THE RECORDS section start
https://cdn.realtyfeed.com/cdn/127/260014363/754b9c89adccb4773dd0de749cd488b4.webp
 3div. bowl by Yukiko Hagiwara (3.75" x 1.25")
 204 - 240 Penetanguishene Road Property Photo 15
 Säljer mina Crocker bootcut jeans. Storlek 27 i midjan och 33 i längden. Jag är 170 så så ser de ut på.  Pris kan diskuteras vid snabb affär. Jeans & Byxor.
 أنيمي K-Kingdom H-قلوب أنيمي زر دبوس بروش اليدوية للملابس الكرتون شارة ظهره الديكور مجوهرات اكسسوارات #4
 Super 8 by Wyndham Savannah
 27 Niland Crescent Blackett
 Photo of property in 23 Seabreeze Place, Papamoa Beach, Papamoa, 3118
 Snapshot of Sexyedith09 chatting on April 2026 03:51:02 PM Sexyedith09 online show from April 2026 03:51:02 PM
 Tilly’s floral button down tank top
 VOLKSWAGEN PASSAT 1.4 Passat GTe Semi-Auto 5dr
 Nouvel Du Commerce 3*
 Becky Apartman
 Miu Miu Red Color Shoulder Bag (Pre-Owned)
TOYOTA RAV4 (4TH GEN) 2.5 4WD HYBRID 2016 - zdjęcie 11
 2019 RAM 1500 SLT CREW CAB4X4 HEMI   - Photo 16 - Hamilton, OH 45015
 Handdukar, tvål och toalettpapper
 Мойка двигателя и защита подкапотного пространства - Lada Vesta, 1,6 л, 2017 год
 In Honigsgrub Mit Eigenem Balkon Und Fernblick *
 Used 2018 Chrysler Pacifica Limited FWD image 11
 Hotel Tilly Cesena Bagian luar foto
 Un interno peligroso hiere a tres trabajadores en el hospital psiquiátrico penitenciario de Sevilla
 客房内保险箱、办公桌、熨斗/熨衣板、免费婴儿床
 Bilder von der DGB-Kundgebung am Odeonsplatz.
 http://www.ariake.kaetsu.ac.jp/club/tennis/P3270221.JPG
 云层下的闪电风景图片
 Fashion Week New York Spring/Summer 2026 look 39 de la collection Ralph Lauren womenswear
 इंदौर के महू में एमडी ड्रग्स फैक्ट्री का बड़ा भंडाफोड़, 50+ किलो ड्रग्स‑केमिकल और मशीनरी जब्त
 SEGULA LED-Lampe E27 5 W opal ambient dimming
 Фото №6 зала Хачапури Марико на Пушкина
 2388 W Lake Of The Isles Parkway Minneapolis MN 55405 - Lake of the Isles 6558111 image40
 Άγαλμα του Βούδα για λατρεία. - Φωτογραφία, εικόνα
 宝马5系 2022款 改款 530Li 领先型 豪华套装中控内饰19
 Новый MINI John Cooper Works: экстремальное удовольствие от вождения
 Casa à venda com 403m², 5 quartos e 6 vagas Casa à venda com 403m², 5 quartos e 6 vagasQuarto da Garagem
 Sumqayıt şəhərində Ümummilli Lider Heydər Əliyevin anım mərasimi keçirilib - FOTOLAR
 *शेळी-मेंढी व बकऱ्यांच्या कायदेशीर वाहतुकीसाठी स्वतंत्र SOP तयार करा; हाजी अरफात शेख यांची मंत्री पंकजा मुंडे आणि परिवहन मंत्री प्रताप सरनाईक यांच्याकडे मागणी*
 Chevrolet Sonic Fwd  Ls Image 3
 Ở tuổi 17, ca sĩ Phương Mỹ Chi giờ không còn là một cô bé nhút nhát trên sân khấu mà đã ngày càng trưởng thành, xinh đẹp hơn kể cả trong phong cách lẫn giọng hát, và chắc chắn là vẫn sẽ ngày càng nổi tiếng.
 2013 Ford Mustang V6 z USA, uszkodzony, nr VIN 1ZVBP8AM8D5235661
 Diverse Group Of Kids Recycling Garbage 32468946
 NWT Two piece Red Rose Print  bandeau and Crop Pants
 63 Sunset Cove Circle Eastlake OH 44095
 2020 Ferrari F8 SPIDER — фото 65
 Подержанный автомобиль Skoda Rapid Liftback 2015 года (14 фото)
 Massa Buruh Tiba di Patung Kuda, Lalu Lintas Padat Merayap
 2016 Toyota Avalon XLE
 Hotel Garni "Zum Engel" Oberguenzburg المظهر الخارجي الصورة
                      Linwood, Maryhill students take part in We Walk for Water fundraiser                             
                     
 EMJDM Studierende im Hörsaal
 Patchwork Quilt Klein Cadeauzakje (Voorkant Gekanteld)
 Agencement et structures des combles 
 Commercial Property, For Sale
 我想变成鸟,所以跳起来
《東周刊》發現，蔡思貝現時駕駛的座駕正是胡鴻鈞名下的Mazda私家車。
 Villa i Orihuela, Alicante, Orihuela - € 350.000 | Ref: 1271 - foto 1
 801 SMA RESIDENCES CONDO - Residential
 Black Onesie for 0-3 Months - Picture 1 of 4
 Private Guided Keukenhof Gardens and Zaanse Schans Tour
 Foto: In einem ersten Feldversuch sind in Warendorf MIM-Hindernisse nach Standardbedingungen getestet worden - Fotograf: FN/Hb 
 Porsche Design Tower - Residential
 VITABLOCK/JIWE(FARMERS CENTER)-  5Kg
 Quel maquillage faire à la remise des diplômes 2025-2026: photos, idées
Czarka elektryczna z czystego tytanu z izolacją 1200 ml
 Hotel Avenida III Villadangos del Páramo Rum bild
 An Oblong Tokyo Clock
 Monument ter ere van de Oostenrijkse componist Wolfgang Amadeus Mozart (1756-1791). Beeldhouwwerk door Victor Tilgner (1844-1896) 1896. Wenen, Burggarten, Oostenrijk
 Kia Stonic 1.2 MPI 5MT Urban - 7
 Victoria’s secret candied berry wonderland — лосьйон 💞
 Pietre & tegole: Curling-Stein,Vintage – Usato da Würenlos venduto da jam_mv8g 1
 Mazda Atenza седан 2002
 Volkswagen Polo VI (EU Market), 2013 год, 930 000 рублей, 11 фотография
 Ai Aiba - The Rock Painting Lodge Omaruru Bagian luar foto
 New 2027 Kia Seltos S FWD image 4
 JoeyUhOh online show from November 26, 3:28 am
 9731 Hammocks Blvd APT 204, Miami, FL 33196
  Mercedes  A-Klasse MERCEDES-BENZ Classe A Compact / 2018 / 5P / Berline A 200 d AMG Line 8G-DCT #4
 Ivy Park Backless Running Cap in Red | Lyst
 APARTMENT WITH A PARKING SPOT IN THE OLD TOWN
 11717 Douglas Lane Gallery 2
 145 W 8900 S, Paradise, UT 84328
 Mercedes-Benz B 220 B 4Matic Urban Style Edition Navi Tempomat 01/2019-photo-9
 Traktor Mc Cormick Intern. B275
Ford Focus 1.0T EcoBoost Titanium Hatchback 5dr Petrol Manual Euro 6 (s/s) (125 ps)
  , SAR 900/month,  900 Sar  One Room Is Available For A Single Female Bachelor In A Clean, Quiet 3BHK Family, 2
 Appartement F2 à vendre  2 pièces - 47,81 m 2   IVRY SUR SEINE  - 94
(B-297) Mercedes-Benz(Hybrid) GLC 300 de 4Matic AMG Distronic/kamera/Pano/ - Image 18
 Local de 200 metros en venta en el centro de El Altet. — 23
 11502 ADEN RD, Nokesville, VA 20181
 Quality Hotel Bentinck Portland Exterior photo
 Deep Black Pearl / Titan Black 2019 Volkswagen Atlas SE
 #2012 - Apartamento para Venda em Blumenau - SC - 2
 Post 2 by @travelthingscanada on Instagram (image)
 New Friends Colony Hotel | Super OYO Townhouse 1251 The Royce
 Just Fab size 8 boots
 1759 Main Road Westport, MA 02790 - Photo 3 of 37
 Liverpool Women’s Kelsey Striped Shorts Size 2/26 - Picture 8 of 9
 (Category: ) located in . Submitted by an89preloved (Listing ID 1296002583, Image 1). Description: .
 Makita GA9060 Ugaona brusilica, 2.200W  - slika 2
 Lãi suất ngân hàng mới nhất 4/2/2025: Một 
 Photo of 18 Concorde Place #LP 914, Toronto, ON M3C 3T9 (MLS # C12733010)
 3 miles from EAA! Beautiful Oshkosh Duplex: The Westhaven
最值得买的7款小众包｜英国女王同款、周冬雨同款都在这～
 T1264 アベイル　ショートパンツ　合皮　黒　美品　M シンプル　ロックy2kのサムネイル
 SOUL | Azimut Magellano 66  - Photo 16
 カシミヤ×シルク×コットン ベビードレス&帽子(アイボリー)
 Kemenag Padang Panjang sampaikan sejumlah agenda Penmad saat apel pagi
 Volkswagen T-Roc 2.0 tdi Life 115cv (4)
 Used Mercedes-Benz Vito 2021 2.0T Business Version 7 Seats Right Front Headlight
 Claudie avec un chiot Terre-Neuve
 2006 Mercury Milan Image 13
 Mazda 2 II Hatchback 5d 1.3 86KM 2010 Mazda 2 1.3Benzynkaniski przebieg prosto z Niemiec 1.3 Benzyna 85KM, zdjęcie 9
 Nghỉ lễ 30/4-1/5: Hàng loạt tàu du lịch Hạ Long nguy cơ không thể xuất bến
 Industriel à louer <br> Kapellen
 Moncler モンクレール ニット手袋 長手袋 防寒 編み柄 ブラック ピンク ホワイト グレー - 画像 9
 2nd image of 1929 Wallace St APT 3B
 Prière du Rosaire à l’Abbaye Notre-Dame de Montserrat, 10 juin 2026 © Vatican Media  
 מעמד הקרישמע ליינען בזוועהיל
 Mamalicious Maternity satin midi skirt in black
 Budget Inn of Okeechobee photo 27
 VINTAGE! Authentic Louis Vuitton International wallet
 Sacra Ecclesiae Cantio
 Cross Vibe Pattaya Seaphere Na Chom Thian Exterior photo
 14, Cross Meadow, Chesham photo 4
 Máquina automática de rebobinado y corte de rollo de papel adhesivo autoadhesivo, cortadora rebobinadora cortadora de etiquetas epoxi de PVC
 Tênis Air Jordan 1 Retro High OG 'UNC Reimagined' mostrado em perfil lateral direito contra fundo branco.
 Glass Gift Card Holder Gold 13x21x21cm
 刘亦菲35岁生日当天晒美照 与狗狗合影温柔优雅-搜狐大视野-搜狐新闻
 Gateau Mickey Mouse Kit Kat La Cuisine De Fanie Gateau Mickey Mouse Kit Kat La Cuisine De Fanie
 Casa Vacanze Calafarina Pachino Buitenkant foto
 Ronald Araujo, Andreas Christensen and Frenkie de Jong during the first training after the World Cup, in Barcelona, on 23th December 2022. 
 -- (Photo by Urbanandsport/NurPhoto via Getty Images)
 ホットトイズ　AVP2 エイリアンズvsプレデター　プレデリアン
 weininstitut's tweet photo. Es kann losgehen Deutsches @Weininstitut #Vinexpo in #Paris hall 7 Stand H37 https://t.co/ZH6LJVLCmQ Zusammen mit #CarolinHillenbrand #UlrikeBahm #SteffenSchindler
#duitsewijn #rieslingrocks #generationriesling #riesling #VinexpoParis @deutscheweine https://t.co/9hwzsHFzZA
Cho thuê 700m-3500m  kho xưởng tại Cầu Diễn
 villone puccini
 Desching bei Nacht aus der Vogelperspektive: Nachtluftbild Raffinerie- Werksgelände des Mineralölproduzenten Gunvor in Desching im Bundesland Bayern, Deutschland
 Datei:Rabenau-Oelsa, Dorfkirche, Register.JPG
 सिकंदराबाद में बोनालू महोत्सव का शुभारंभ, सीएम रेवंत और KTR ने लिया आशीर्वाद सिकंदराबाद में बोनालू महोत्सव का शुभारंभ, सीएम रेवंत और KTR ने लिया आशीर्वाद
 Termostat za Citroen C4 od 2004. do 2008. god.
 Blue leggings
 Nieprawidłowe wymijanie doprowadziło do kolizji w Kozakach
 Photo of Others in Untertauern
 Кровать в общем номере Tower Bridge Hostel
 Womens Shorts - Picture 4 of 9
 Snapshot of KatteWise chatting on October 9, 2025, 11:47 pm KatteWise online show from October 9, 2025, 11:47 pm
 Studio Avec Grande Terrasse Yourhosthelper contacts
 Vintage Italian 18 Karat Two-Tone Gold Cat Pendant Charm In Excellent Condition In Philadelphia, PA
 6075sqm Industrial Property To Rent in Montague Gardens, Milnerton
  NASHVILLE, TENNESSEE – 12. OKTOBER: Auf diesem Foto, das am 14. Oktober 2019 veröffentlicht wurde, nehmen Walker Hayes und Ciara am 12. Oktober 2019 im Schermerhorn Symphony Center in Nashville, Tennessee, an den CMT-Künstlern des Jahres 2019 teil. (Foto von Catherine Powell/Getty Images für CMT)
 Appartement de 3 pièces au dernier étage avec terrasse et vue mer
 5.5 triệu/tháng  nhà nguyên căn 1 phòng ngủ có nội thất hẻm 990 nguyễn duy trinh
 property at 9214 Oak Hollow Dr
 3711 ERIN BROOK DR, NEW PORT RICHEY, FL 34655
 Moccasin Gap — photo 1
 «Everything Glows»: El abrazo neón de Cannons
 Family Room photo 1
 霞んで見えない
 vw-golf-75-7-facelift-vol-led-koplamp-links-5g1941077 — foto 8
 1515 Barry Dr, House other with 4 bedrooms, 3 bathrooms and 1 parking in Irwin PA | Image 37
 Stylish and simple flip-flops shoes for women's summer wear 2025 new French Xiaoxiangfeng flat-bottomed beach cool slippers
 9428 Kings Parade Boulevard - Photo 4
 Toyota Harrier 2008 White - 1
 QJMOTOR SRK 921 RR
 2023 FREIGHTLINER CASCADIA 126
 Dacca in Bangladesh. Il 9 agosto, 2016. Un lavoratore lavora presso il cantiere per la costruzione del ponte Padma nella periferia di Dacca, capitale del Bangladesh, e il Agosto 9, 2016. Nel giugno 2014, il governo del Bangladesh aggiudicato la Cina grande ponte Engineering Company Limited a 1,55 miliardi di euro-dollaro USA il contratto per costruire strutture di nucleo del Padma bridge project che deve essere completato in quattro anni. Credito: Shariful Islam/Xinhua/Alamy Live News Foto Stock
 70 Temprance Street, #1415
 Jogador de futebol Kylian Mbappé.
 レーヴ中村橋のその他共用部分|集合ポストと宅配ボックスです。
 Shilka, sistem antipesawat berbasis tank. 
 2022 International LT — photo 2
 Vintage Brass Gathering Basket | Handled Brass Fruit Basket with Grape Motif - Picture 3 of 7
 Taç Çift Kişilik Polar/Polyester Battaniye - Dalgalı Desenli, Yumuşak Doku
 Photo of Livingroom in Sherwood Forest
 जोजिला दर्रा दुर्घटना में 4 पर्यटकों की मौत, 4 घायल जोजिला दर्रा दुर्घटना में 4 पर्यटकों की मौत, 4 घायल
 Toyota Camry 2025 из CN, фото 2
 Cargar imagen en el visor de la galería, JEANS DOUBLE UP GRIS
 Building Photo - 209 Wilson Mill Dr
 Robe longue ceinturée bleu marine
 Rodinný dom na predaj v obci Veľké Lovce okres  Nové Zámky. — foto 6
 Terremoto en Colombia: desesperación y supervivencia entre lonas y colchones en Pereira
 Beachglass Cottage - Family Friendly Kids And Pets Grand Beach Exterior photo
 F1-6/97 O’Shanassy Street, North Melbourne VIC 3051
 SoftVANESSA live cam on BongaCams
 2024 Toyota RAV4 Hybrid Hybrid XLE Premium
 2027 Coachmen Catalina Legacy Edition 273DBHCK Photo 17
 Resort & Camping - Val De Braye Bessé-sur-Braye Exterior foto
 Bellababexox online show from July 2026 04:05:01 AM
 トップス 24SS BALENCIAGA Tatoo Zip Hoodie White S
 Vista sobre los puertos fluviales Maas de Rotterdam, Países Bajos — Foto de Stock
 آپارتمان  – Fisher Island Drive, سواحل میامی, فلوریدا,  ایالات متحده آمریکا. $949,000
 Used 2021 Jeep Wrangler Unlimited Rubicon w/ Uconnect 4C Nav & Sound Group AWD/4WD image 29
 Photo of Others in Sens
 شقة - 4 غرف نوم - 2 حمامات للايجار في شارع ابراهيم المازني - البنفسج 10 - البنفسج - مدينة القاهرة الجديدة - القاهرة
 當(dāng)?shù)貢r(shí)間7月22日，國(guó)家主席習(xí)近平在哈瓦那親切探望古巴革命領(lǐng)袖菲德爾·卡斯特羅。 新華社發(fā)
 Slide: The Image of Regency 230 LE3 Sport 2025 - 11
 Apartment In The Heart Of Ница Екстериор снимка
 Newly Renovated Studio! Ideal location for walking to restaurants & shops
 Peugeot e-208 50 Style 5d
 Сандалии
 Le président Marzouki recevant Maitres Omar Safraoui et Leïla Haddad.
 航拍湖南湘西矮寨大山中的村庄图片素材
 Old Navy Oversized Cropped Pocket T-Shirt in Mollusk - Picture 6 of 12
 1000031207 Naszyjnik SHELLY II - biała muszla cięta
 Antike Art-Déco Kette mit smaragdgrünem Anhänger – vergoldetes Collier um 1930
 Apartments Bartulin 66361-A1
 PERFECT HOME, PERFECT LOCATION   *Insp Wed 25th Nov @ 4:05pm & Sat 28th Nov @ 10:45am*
THE RECORDS section end
**TASK GOAL**
From the records above, copy every line that holds the word "Road".

**RESPONSE**
 204 - 240 Penetanguishene Road Property Photo 15
 1759 Main Road Westport, MA 02790 - Photo 3 of 37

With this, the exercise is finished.